On the other hand, a compensation of 50% of abnormal ATT requires a force generated by the hamstrings of 0.4 of MIF. Interestingly, this activation is smaller than the normal maximum activation of the hamstrings during gait (which occurs during the swing phase and its peak is 0.6 of MIF, see Fig. 66). This compensation causes the quadriceps muscles to generate a peak force of 0.82 of MIF, an increase of 23% in the tibiofemoral contact force and a decrease in the patellofemoral contact force with respect to the healthy knee.
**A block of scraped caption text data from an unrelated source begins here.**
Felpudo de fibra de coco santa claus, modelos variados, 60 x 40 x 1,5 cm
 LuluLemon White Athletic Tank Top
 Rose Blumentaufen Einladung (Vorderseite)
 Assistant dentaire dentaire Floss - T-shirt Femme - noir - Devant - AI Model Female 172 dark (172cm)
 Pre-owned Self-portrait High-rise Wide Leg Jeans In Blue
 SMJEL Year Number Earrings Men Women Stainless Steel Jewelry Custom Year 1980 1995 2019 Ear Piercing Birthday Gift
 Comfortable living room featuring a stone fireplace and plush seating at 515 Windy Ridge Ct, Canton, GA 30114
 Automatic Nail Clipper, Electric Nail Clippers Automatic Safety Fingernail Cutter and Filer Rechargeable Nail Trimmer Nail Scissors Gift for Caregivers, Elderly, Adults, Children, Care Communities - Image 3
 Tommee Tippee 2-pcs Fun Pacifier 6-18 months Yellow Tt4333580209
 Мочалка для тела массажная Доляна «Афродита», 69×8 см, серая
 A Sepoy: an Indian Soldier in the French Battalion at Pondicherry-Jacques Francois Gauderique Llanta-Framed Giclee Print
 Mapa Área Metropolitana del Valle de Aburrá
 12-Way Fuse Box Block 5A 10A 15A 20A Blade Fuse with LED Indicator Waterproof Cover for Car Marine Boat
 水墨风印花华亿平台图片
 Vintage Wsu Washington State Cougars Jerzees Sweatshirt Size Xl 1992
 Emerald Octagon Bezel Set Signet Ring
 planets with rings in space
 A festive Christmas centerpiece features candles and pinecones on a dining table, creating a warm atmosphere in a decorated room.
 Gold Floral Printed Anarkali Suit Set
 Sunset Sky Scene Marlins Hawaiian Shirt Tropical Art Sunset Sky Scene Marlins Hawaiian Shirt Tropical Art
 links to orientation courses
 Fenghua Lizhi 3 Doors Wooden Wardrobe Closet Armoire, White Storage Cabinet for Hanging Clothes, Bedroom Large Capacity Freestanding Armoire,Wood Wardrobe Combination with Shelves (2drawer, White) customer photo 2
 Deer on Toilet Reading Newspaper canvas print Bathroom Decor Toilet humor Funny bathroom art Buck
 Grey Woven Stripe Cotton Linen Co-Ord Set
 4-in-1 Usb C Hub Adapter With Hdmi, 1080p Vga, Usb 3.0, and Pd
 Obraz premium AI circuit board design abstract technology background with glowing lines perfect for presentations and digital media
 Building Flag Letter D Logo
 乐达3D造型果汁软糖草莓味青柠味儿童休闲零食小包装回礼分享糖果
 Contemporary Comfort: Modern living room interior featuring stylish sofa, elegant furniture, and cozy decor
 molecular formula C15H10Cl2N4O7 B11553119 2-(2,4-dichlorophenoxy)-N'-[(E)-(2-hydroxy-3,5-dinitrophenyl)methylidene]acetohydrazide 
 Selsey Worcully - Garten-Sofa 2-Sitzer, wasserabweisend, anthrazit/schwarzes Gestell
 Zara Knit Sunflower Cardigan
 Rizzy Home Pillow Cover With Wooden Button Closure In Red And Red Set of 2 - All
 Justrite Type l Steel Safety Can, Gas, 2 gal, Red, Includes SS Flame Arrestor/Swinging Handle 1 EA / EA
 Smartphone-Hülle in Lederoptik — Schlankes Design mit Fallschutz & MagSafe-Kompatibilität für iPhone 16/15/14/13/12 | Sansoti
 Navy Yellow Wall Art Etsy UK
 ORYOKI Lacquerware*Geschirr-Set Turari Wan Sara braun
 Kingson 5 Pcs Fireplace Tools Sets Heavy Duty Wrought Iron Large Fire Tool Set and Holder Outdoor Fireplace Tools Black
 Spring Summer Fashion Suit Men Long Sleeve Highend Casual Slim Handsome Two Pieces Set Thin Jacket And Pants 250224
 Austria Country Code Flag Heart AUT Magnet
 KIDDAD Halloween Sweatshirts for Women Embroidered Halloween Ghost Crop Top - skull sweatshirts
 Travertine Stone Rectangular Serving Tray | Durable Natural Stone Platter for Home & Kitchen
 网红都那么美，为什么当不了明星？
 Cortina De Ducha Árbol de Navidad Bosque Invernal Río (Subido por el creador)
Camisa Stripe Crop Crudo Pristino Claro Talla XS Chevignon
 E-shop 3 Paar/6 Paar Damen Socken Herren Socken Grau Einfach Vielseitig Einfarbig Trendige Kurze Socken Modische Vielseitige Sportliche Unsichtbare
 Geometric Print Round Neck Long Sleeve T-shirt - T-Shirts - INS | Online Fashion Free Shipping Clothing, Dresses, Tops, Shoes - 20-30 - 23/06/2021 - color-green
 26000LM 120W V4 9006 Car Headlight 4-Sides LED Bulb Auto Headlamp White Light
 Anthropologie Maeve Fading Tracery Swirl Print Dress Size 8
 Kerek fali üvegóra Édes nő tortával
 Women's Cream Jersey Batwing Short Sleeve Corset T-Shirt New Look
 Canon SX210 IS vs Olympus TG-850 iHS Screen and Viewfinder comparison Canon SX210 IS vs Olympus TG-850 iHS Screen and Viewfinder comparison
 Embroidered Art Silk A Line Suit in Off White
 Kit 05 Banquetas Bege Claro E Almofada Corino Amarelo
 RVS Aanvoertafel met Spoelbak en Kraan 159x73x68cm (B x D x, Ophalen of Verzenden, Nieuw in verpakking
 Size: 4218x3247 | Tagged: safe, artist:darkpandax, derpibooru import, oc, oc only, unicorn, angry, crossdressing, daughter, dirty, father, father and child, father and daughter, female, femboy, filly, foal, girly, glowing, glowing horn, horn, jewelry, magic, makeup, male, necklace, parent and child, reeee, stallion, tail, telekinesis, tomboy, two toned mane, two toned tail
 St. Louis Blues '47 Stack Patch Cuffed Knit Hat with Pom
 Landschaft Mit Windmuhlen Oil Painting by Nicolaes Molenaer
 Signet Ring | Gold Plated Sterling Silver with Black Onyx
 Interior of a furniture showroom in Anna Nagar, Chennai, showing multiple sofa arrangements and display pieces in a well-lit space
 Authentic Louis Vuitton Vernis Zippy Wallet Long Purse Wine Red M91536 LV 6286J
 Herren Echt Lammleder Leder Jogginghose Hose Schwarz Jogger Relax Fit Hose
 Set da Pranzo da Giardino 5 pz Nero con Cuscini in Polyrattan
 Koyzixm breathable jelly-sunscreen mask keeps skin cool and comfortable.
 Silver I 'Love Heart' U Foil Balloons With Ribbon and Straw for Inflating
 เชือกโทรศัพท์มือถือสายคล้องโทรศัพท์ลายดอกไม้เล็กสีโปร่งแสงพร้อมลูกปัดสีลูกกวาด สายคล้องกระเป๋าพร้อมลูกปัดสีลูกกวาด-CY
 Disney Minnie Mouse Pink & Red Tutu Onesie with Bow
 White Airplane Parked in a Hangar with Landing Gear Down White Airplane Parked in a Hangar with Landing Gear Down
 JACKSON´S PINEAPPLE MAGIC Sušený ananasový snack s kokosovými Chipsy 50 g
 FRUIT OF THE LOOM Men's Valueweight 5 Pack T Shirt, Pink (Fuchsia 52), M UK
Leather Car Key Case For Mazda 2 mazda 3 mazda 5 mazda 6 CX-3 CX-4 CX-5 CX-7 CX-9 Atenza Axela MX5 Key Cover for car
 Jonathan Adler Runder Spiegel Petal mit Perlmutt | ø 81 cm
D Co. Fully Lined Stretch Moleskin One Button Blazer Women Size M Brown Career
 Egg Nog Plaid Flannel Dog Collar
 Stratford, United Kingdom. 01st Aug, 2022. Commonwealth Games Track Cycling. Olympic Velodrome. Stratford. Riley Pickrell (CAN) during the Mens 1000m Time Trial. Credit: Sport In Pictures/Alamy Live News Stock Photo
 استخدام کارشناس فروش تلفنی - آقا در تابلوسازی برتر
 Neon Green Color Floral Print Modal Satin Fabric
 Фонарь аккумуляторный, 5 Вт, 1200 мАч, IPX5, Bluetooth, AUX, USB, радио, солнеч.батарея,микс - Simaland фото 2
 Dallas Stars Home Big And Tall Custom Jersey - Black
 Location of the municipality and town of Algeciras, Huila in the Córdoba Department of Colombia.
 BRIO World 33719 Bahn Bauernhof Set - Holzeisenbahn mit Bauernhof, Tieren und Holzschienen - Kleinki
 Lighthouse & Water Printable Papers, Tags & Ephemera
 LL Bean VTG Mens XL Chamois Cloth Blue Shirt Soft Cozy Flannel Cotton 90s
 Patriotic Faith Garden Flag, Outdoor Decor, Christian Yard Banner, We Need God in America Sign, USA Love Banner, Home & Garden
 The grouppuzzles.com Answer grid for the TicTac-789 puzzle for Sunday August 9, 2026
These results show that 50% compensation is less demanding and also less damaging strategy for the knee than the total compensation.


The results of this study support results from previous studies [10, 11], indicating that an increase in the activation of hamstring muscles may compensate anterior tibial translation (ATT) in the ACLd knee. However, the present results add information indicating that, from comparing a 100% to a 50% compensation, a complete restoration of ATT to normal values during the whole gait cycle would require muscle training to achieve the forces required for knee stability and would cause an increase in the joint contact forces. A compensation of 50% of abnormal ATT, on the other hand, requires less force generated by the muscles and generates smaller joint contact forces, making it a less demanding and less deleterious strategy.